Barcelona ya no es ninguna ciudad de los prodigios, pero una vez lo fue. Solo esta semana ha habido tres asesinatos, después del apuñalamiento de un hombre a las tres de la madrugada en el barrio de Vilapicina, en el distrito de Nou Barris. Uno siempre evoca muchas noches barcelonesas muy distintas de las que se están viviendo últimamente, como si los gin-tonics en el fantasma de Boccaccio o los dry martinis estupendos que todavía sirven en el Ideal o en Boadas hubieran sido sustituidos por una orgía tarantiniana en la que se prestigia el machetazo: secciona, aunque algo quede. Las calles de Barcelona, sobre todo de noche, especialmente en algunas zonas, tienen algo de cine que ya no es negro, sino turbio, siniestro en su expresión malencarada que te saca los ojos. Jaume Collboni, el teniente de alcalde, ha asegurado que en menos de un año se habrá solucionado el problema, con lo que aquí tenemos un optimista orgulloso de serlo y de exhibirse, porque el asunto tiene más continuidad que los deseos políticos. Porque al mismo tiempo que se mataba a un hombre, los Mossos detenían a otros dos individuos por lesiones con arma blanca, en el Guinardó. La pelea ha tenido algo de riña tumultuaria y el navajazo ha sido en un riñón. Uno lee Guinardó y piensa en Juan Marsé, no en machetes sangrientos brillando bajo el filo de la luna. Uno lee Guinardó y piensa en Ronda de Guinardó, esa maravilla de precisión quirúrgica en la que al día siguiente de la capitulación de Alemania en la Segunda Guerra Mundial un inspector de policía recorre ese barrio con Rosita, la niña a la que necesita para la identificación de un cadáver. Uno, cuando ha paseado el Guinardó y ha divisado las viejas construcciones que aún perviven, entre muros de niebla con los cipreses altos, sus caseríos con torres para veraneantes durante la expansión urbanística, pero también su surco de chabolas en el extrarradio de una ciudad que necesitaba descubrirse a sí misma en sus costuras sociales para comenzar un relato de renovación sanguínea, uno, en lo que piensa, es en las novelas y en el mundo de Juan Marsé, que se puede habitar y que se habita, pero que solo existe ya, como tantas cosas, dentro de sus novelas. Porque hace ya tiempo que Barcelona no se encuentra en Barcelona, sino en los libros y las coctelerías que todavía nos hablan de la ciudad que fue.

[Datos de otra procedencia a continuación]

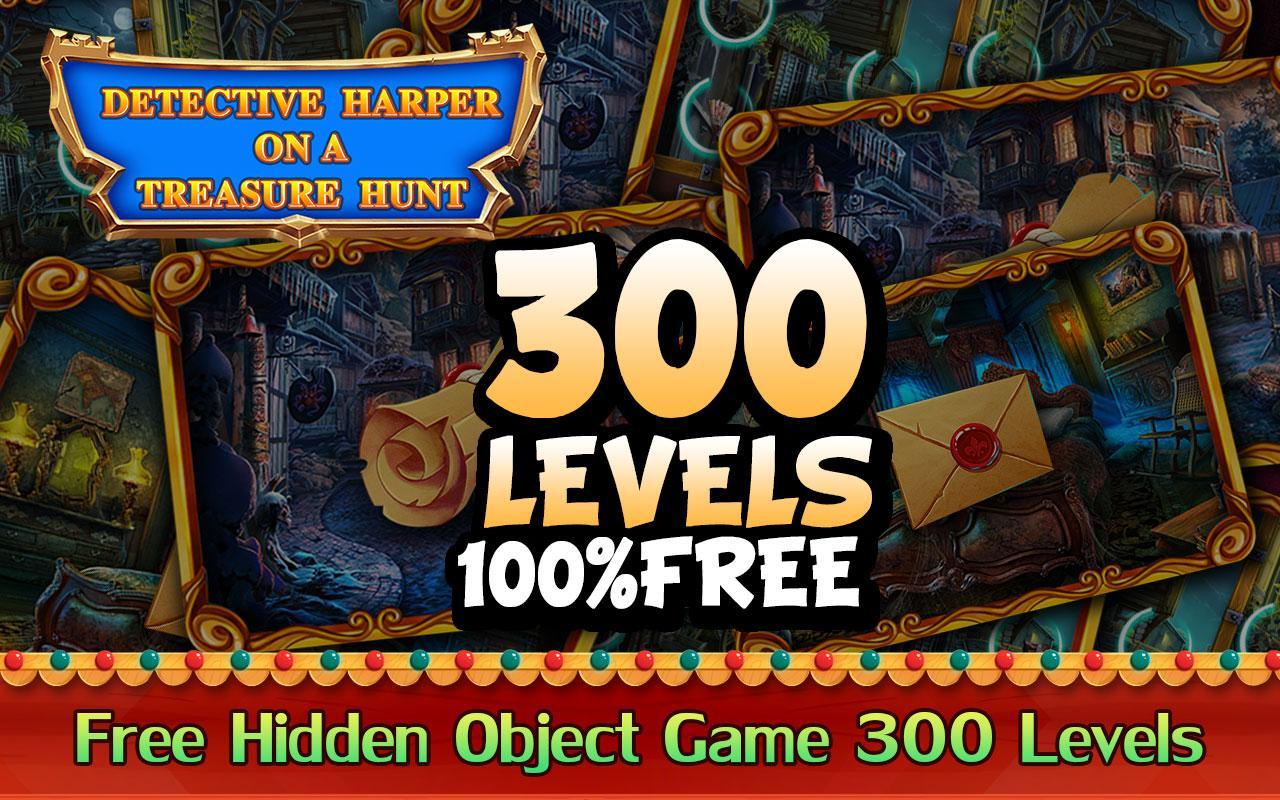 Hidden Object Games 300 Levels Detective Harper For - how to find all of the 7 hidden items treasure hunt roblox gameplay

Solo este año han muerto ya 12 personas de manera violenta en Barcelona. Se trata de peleas en la calle, tiroteos y mujeres asesinadas. En 2018, que nos puede servir de referencia, murieron asesinadas 10 personas. La Generalidad y el Consistorio parecen que han decidido estar al fin en lo que hay que estar, sin que sirva de precedente, y han ajustado un plan que contempla la destinación de 320 mossos más a Barcelona, pero eso no llegará hasta que se caigan las hojas de los plátanos de Barcelona -parafraseando el título de la novela de Víctor Mora, creador del Capitán Trueno-, es decir: en otoño, lo que parece tarde. Solamente la semana pasada moría, el jueves, un hombre en una reyerta. El lunes siguiente una mujer era asesinada, desnuda, debajo de un camión. Esa noche hubo otro herido por cuchillo antes de las diez, y a las cinco y media de la madrugada otro hombre era apuñalado. El miércoles, pasada la medianoche, otro hombre era herido con un machete. Vamos, que ni en una película de Quentin Tarantino, que ni cambiando el sol latente de Los Ángeles por una película río mediterránea, en plan Mendoza sangriento.

Todo esto suena sensacionalista, pero además es verdad. Uno tiene la sensación de que en Barcelona se han hecho algunas cosas igual de mal que en el resto de España. Una de ellas, haberse malvendido al turismo masivo que arrasa nuestro patrimonio, arruina la convivencia y machaca al pequeño comercio y al sector de la restauración que no vive del botellón alucinógeno. En esto no es singular Barcelona, aunque en Barcelona se ha extremado singularmente. Pero uno también cree que, en Barcelona, como en parte de Cataluña, se ha estado demasiado pendiente de muchas cosas que nada tienen que ver realmente con Barcelona, ni con Cataluña, ni con España, es decir: el artificio de un debate que ha acabado englobando y también enlodando a lo demás. Y una de las cosas que se han dejado atrás es la seguridad y la convivencia vecinal, avivada con odios de trinchera que nada tienen que ver con la normalidad de vivir. Yo, mientras tanto, me vuelvo a cualquier novela de Marsé, donde los hombres hablan un silencio habitado.